The law, titled the Interim Final Rule on Artificial Intelligence Diffusion, categorizes the export of U.S.-made AI chips into three levels. These include partner and allied nations, countries previously prohibited from receiving exports, and newly targeted nations under the expanded regulations. This framework seeks to prevent specific countries from circumventing export restrictions and indirectly acquiring advanced U.S. AI chips and related technologies.

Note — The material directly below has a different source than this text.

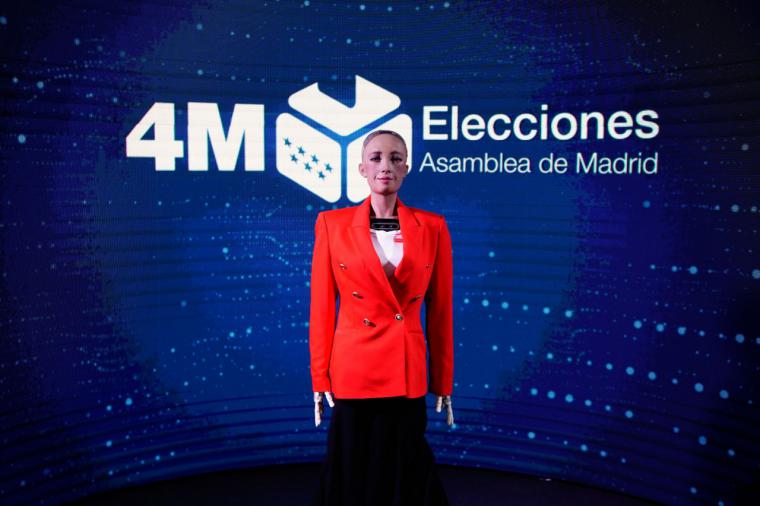 La Comunidad de Madrid aplica la inteligencia artificial por primera vez en un proceso electoral a través del robot Sophia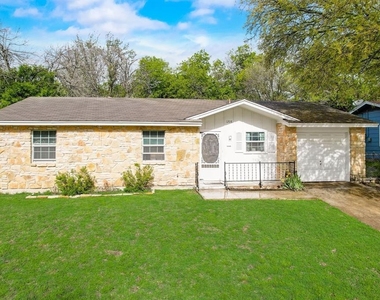 1208 S 19th St - Photo Thumbnail 3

Partner and allied nations in the first tier, such as Taiwan, Japan, South Korea, India, and Germany—spanning 18 countries and regions—will remain largely unaffected. Meanwhile, third-tier nations, including China and Russia, were already subject to export bans. The new restrictions primarily impact second-tier nations, which previously faced fewer limitations. These measures include setting limits on computing power that can be purchased and requiring additional applications for approvals, creating significant hurdles for these countries when procuring AI chips in the future.
For second-tier nations, the law caps the purchase of high-end AI chips at 50,000 units. However, if these nations align with the U.S. on key objectives such as technological security and renewable energy, they may apply to raise the limit to 100,000 units.
In certain cases, specific institutions within these nations may apply to procure up to 320,000 high-end AI chips over a two-year period, albeit with strict overall deployment caps on AI computational power.
This new legislation, however, has drawn significant criticism from tech industry leaders, who argue that it could undermine U.S. competitiveness in the global technology market.